Nebraska Cardinal Pale Ale
American Pale Ale, 5.75%
Named for the South Omaha bar once run by the founder's grandparents, Cardinal Pale Ale was the beer with which longtime homebrewer Paul Kavulak and his wife Kim launched what has become Nebraska’s most recognized brewery. It didn’t come easy -- there was quite a bit of tinkering to get just the right balance of Cascade hops, which Paul eventually arrived at after just dumping in a whole damn bag out of frustration. It seems to have worked out for everyone.
Joseph James Hop Box
Nevada's fun-times destination Las Vegas has been built on sin and boozing since the 1940s, but the city hasn't had much of a craft beer scene since the mid-2000s.
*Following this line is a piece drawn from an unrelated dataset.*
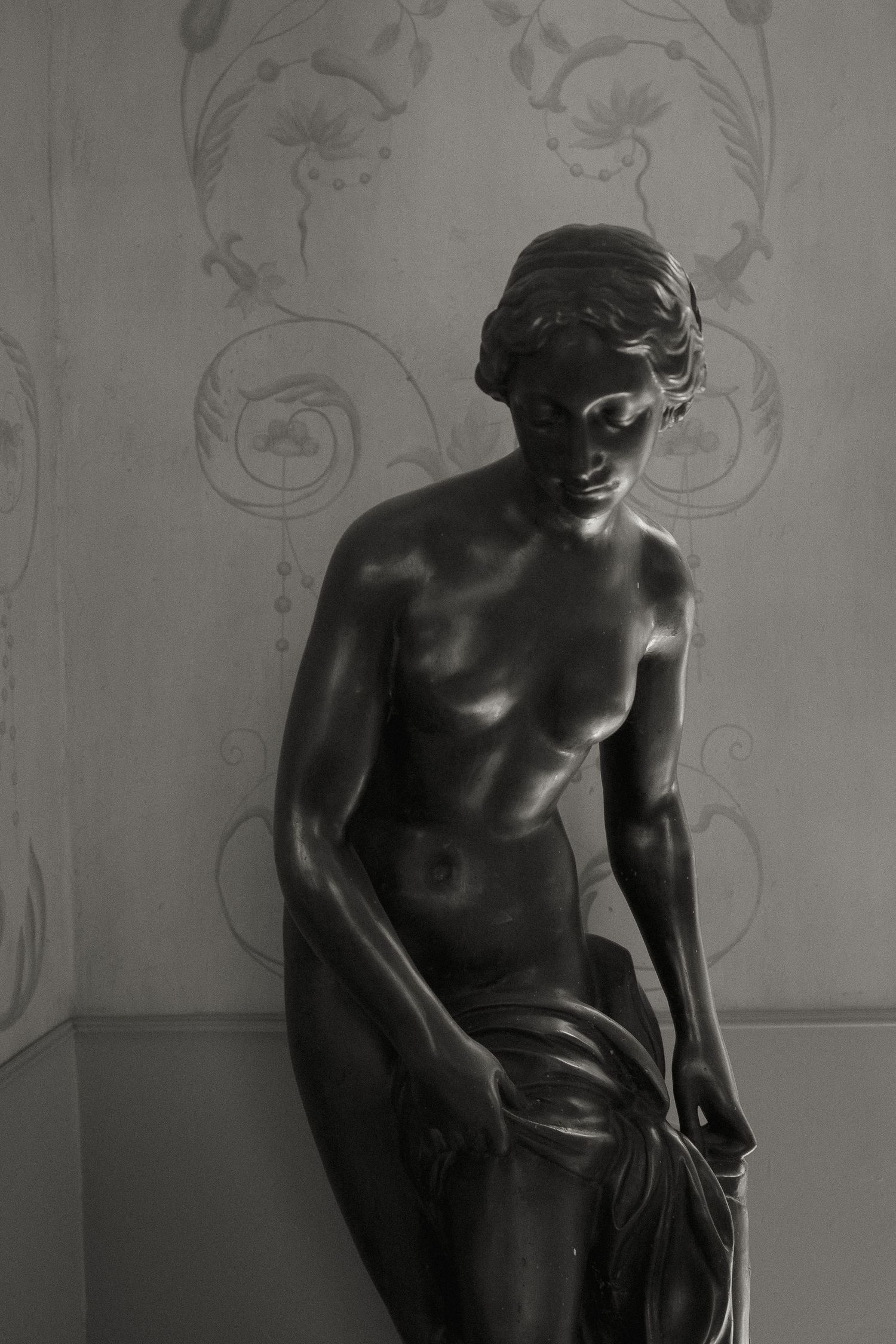 A series of four black and white photographs showing a bronze sculpture from different angles against a light background.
Enter Joseph James, based in nearby Henderson, which stormed onto the scene 8+ years ago, and released the big, 85 IBU'd bottle known as Hop Box soon after it opened. As you might guess from the name, it's an imperial IPA that features an inviting grapefruit nose and a glorious hop bite. Nowadays, JJ has transitioned into an all-can lineup, and Hop Box remains the sought-after standout.
Smuttynose Finestkind IPA
When you think New Hampshire craft beer, you probably think Smuttynose. Mostly because it's such a weird name, and it's practically impossible to forget. But also because the brewery makes damn good beer. Back in 2003, Finestkind IPA was released as Smuttynose IPA. The name's changed, but it's still the brewery's best-selling beer, and has been since it first came out. Nowadays, cloudy, hoppy New England-style IPAs are all the rage (shoutout to fellow NH brewery Stoneface), and the unapologetically bitter, 73.5 IBU Finestkind can certainly lay claim to helping kick off the delicious trend.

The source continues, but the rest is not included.